Here we can also see another feature: In strings surrounded by backquotes you can use ${} to interpolate variables. This is a feature of the Rune language.

You can also check if a file exists:

let candidate = std::fmt::format!("/etc/conf.d/lm_sensors.{}", host_name);
if cmds.has_source_file(candidate) {
    cmds.copy_from("/etc/conf.d/lm_sensors", candidate)?;
}

This shows another way to format strings, using std::fmt::format!. You can use either.

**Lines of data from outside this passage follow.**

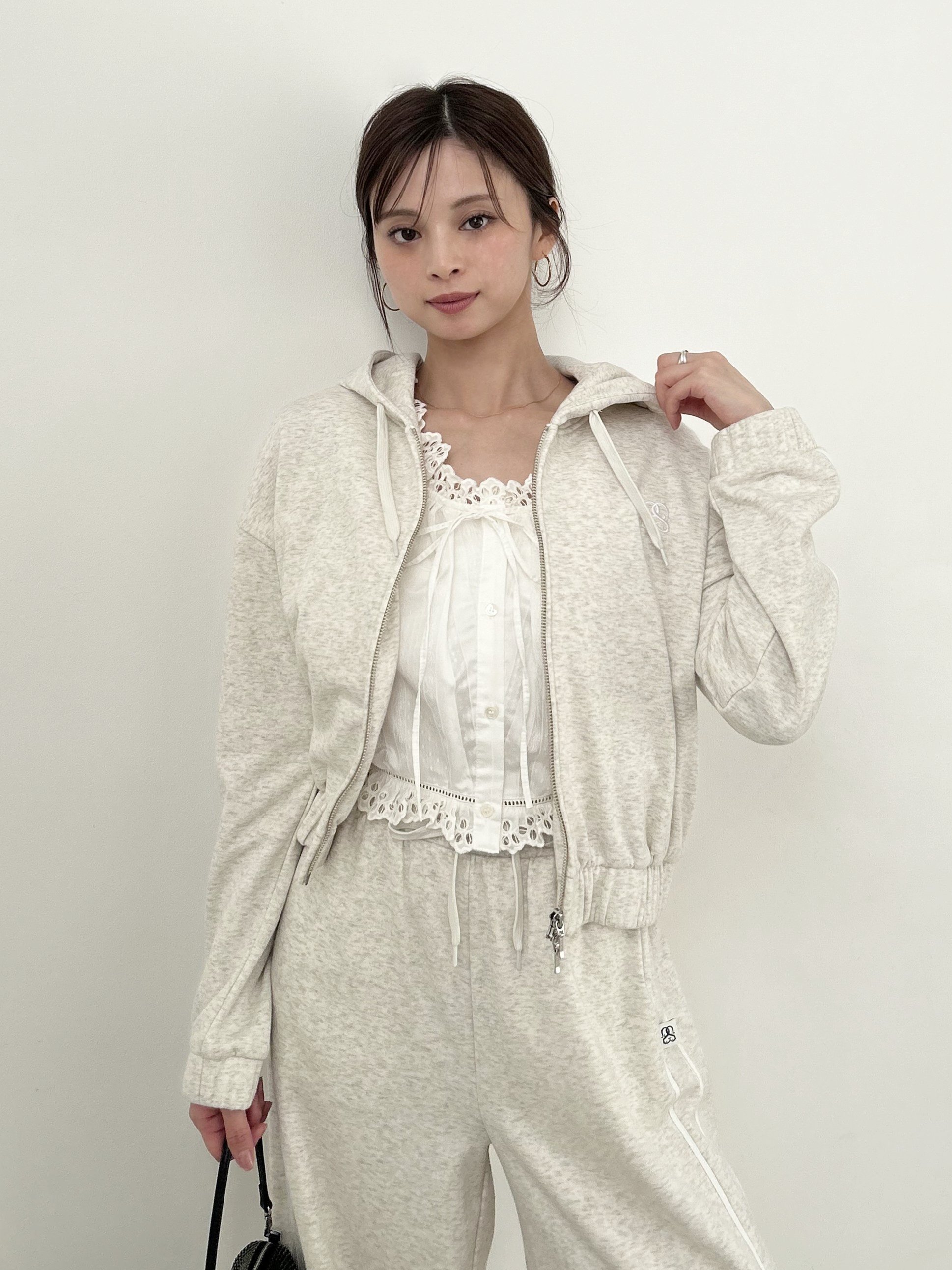 【スナイデル/SNIDEL】の【WEB限定カラーあり】UVカットフーディパーカー インテリア・キッズ・メンズ・レディースファッション・服の通販 founy(ファニー) 　ファッション　Fashion　レディースファッション　Fashion for Women　トップス・カットソー　Cut & Sew Tops　レディースパーカー・カジュアルフーディー　Casual Hoodies & Sweatshirts　ウェーブ　Wavy Pattern　ヴィンテージ　Vintage Style　ギャザー　Gathered, Ruffled　今季　This Season, Current Season　スウェット / スエット　Sweatshirt, Sweatwear　ストレート　Straight, Straight Cut　スマート　Smart, Elegant　フェミニン　Feminine, Girly　フラワー　Flower, Floral　プリント　Print, Printed Pattern　無地　Plain, Solid Color　ロマンティック　Romantic, Feminine Style　おすすめ　Recommended / Our Picks　旅行　Travel　GRY[006]|ID: prp329100004768513 ipo3291000000034537520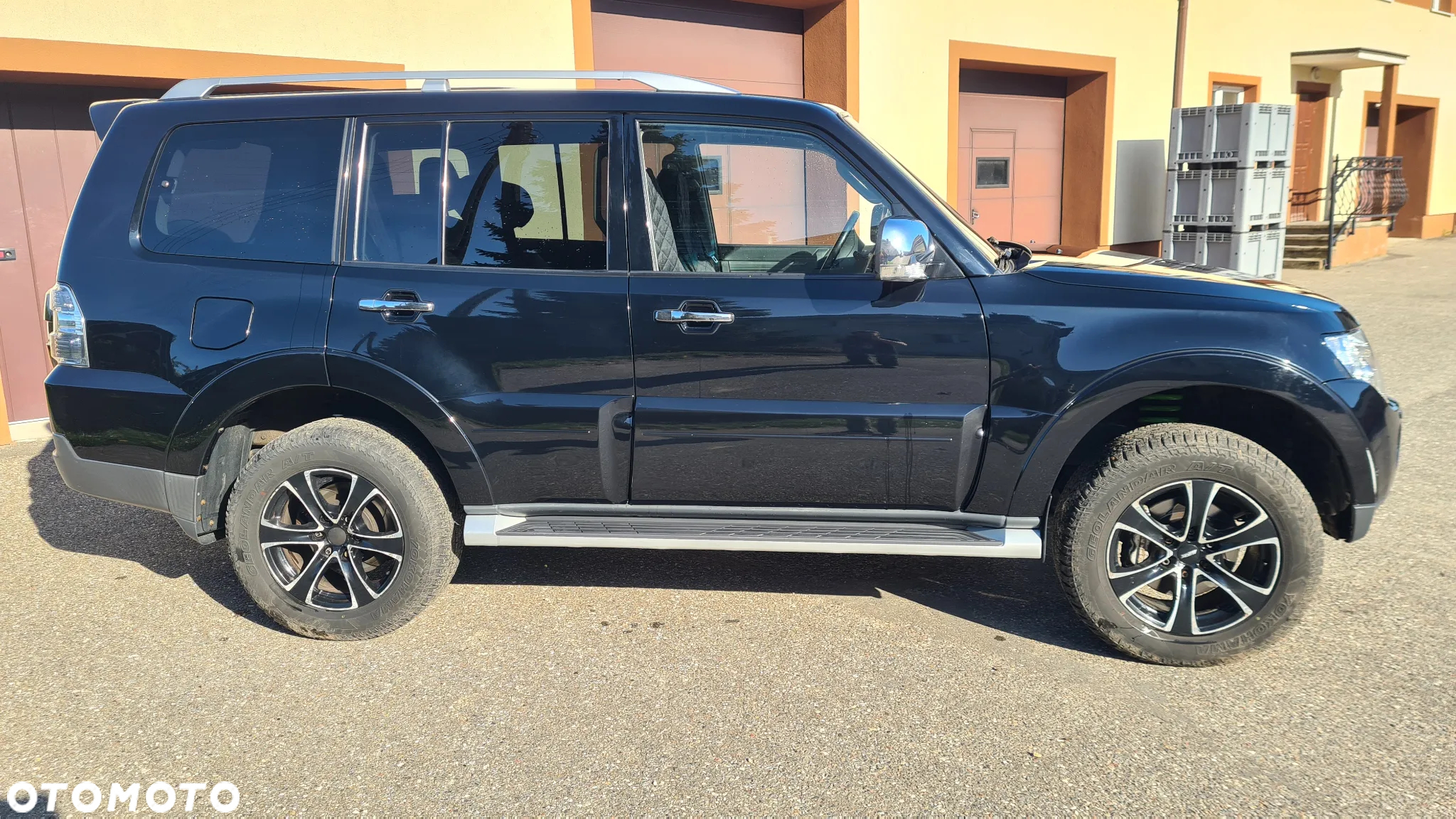 Mitsubishi Pajero - 5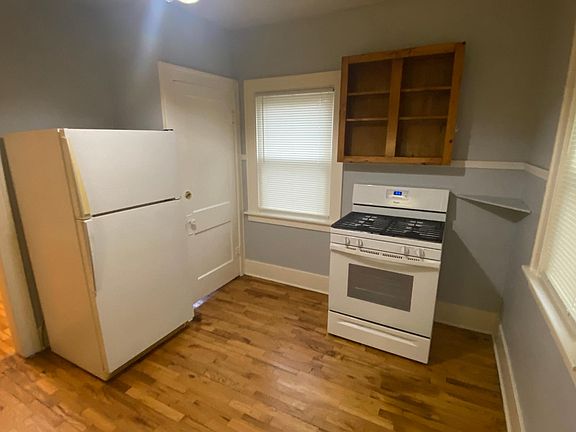 4th image of 320 N Magnolia Ave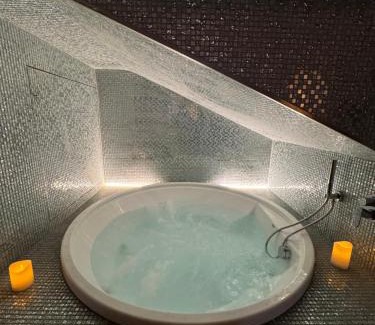 Zona Farini Apartamento | Isola suites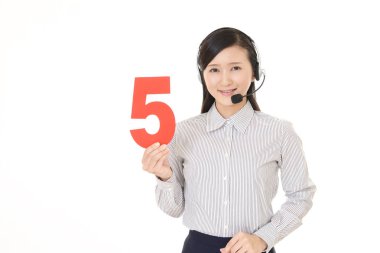 Çağrı Merkezi operatörü bir sayı ile gülümseyen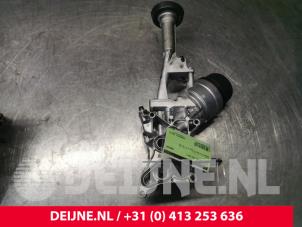 Fiat Doblo Oil filter housing O140737 photo 2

Writing a file directly from the configuration

Sometimes you want to write a file directly from the configuration (maybe it is short, maybe you have complex logic to generate it). This can be done with write:

pub async fn phase_main(props, cmds, package_managers) {
    ctx.cmds.write("/etc/NetworkManager/conf.d/dns.conf", b"[main]\ndns=dnsmasq\n");
    ctx.cmds.write("/etc/hostname",
                   std::fmt::format!("{}\n", ctx.system.host_name).as_bytes())?;
    ctx.cmds.write("/etc/sddm.conf", b"");
    Ok(())
}

Some notes on what we just saw:

We see here the notion of byte strings (b"..."). Unlike normal strings these don't have to be Unicode (UTF-8) encoded, though the Rune source file itself still does. But you can use escape codes (b"\001\003") to create non-UTF-8 data.
write only take byte strings, if you want to write a UTF-8 string you need to use .as_bytes() on that string, as can be seen for /etc/hostname.
The file sddm.conf will end up empty here.
write replaces the whole file in one go, there isn't an append. For patching files, see the next section.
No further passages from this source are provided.